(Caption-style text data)
- - - - -

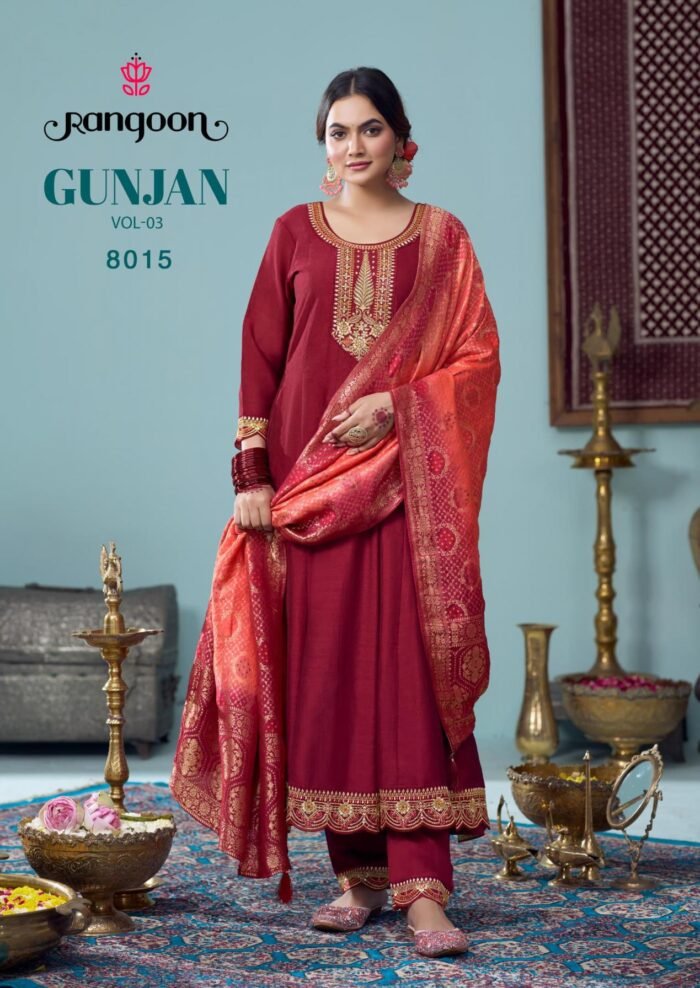 Silk Anarkali Style Embroidered
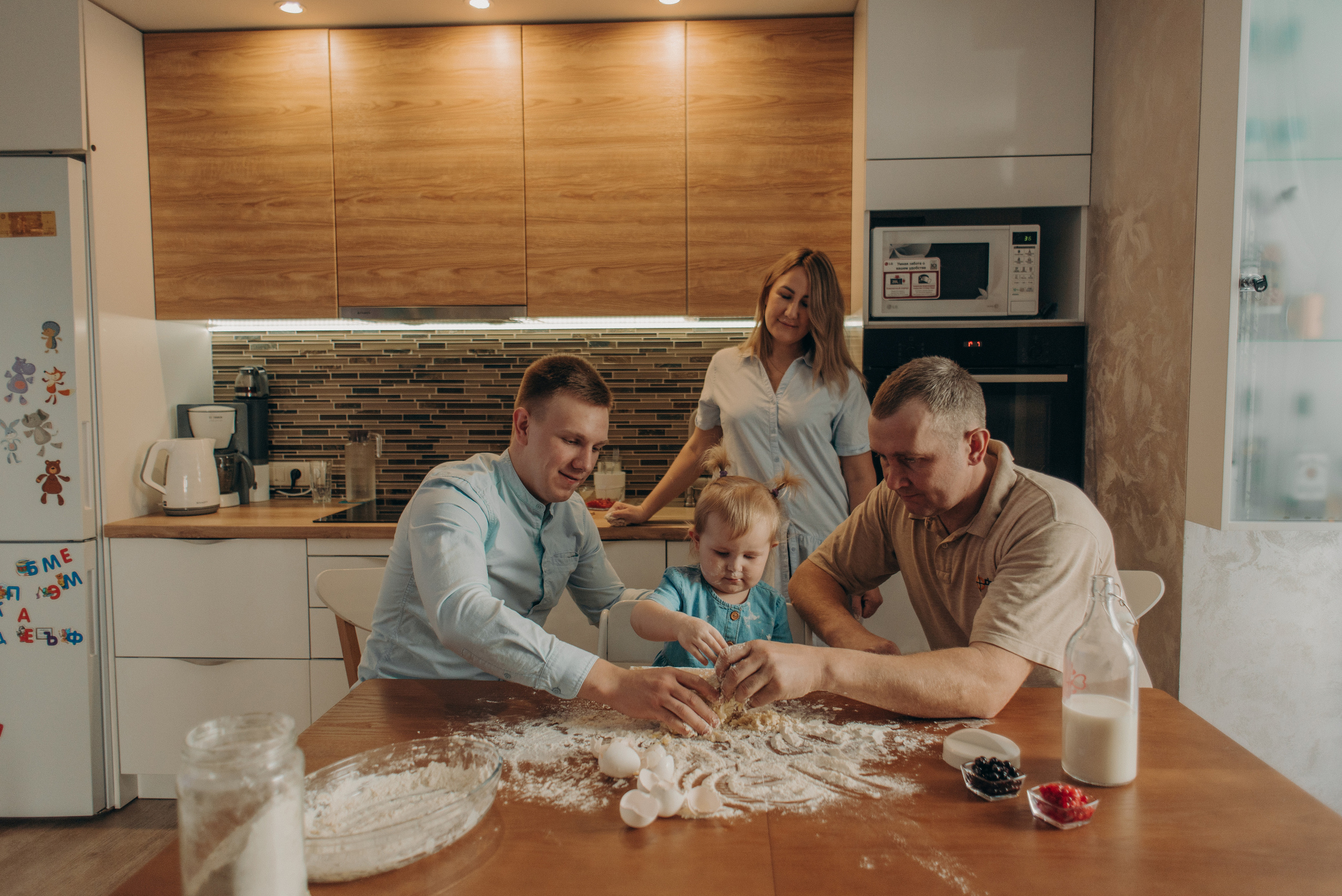 Мы пекли булочки. Семейный фотограф в Петрозаводске Ксения Крупская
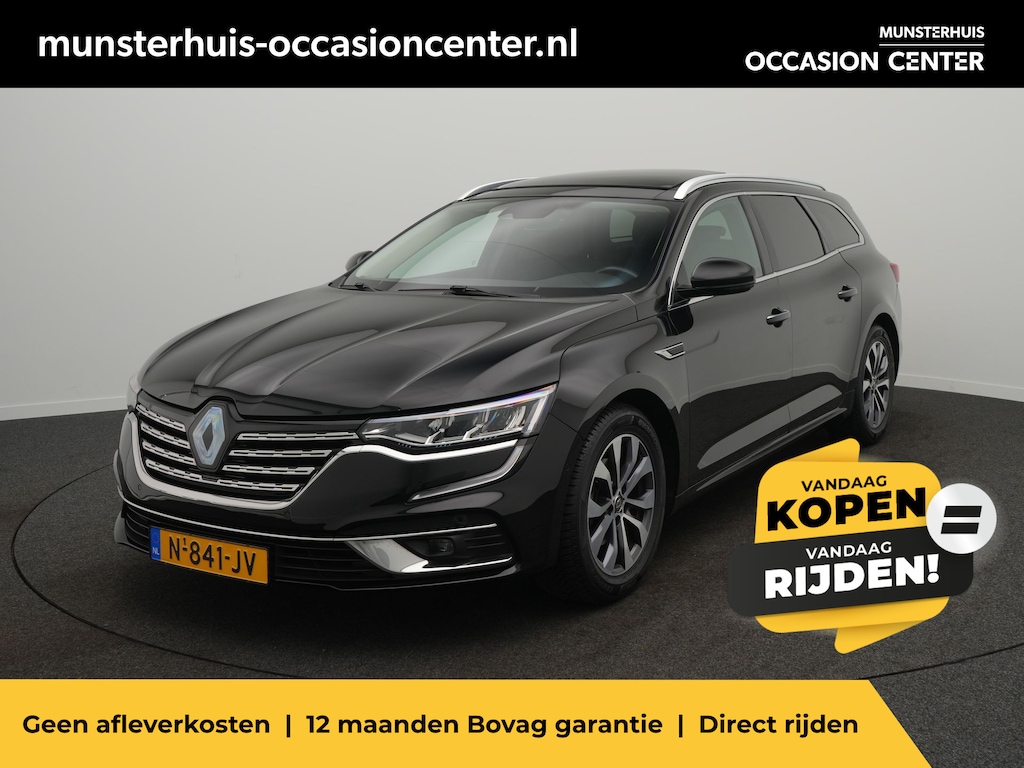 Renault Talisman Estate TCe 160 EDC Business Intens - Occasion Lease vanaf €614 p/m - RIJKLAARPRIJS - 160 pk! - Automaat - All Seasonbanden - Achteruitrijcamera - Elektrisch Glazen Schuif-/Kanteldak - Dealeronderhouden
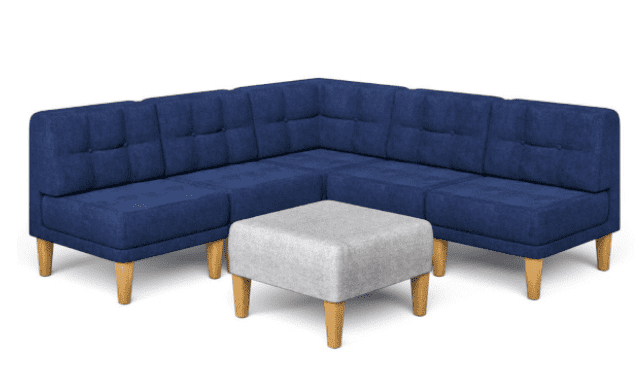 KOZE 5-Piece Modular L-Shaped Sofa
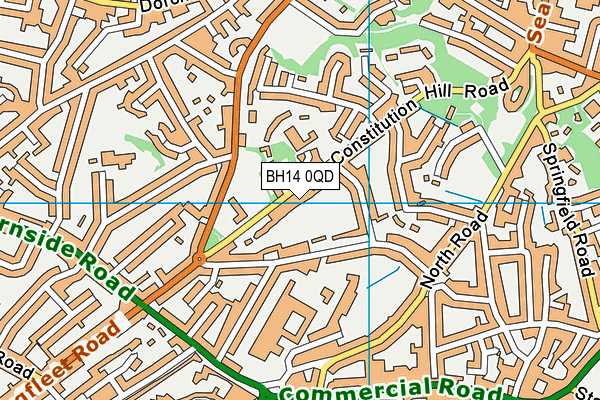 BH14 0QD map - OS VectorMap District (Ordnance Survey) BH14 0QD map - OS VectorMap District (Ordnance Survey)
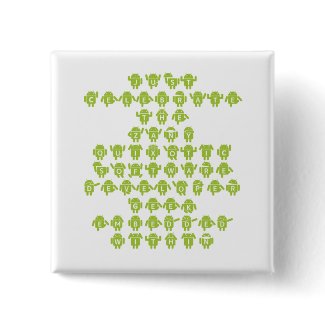 Android Software Developer Saying (Upper Case) button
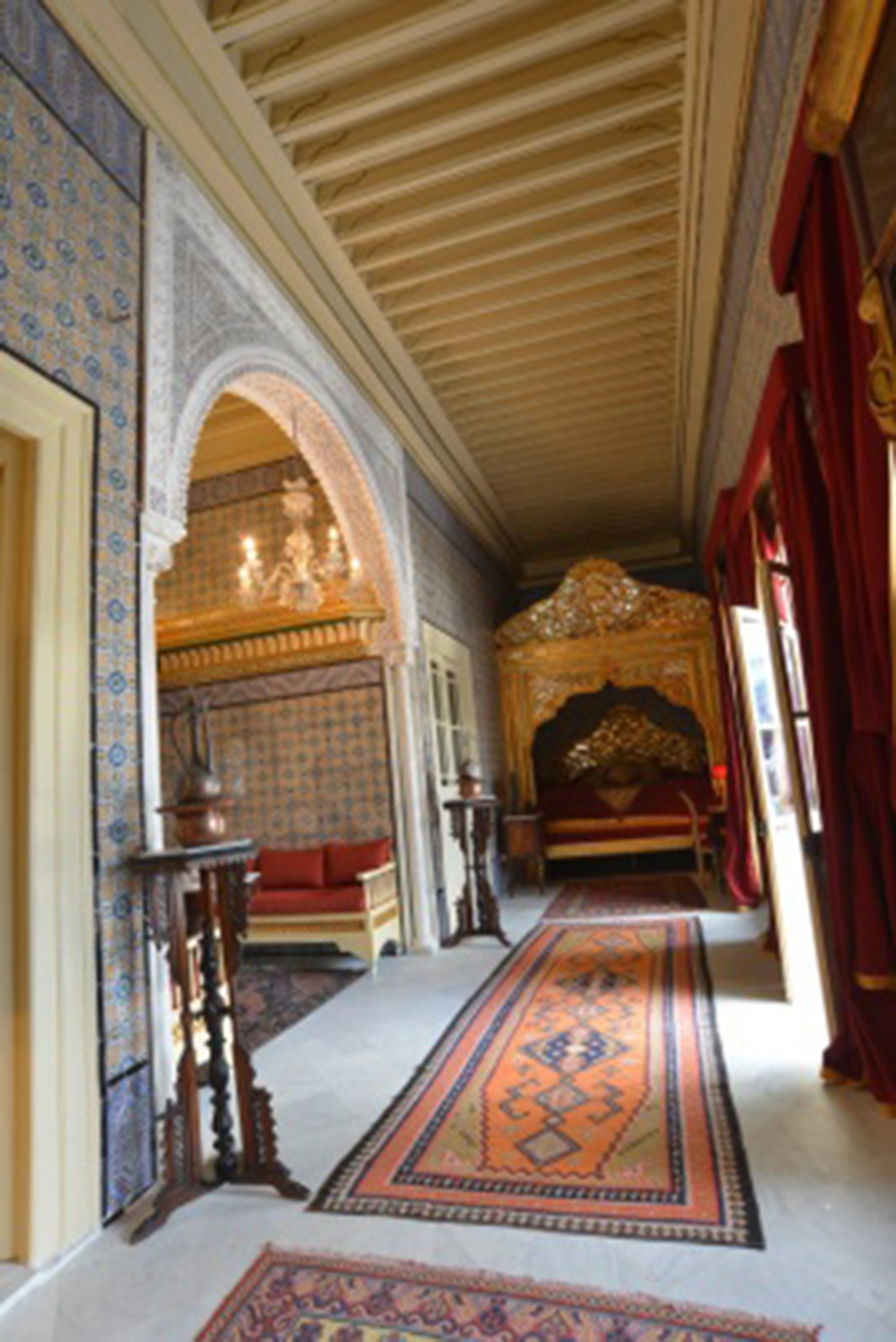 Room 5 "hanout-hajjam" after restoration, actual room "Kheireddin Pacha" of Dar-Bayrem Palace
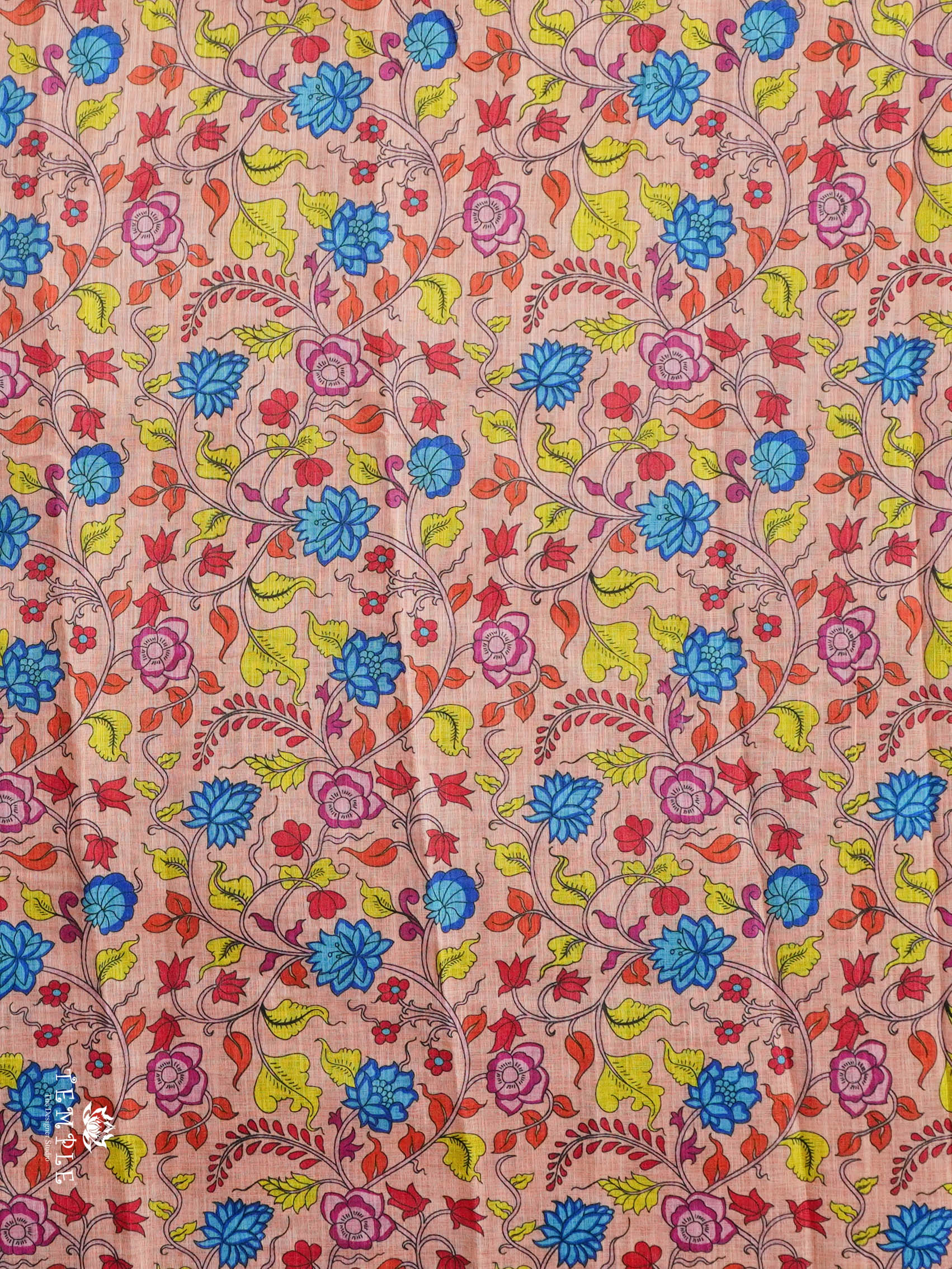 Deer Printed Linen Cotton Saree | TTDS2974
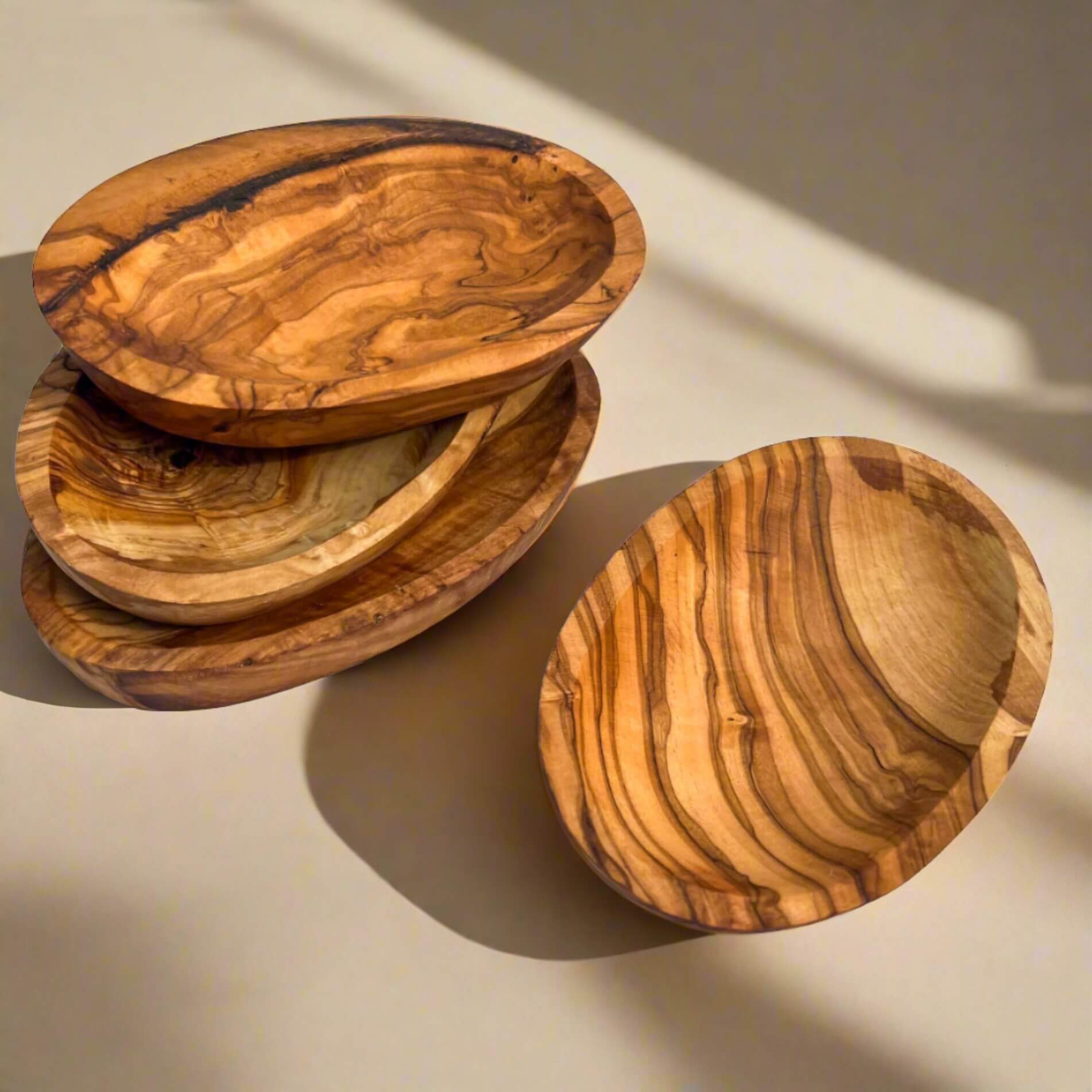 Oval Olive Wood Bowl - Medium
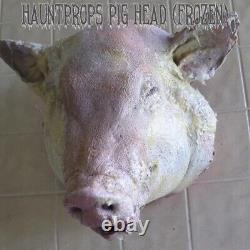 Pig Prop Head Halloween life size haunted attraction horror film prop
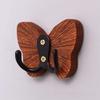 Butterfly Design Self-adhesive Coat Hanger Double Hook Hanging Key Holder  Home Decoration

- - - - -

■ **WORK TO BE COMPLETED**
Transcribe each line above verbatim, with the pictures left out.

■ **TASK RESULT**
 Silk Anarkali Style Embroidered
 Мы пекли булочки. Семейный фотограф в Петрозаводске Ксения Крупская
 Renault Talisman Estate TCe 160 EDC Business Intens - Occasion Lease vanaf €614 p/m - RIJKLAARPRIJS - 160 pk! - Automaat - All Seasonbanden - Achteruitrijcamera - Elektrisch Glazen Schuif-/Kanteldak - Dealeronderhouden
 KOZE 5-Piece Modular L-Shaped Sofa
 BH14 0QD map - OS VectorMap District (Ordnance Survey) BH14 0QD map - OS VectorMap District (Ordnance Survey)
 Android Software Developer Saying (Upper Case) button
 Room 5 "hanout-hajjam" after restoration, actual room "Kheireddin Pacha" of Dar-Bayrem Palace
 Deer Printed Linen Cotton Saree | TTDS2974
 Oval Olive Wood Bowl - Medium
 Pig Prop Head Halloween life size haunted attraction horror film prop
 Butterfly Design Self-adhesive Coat Hanger Double Hook Hanging Key Holder  Home Decoration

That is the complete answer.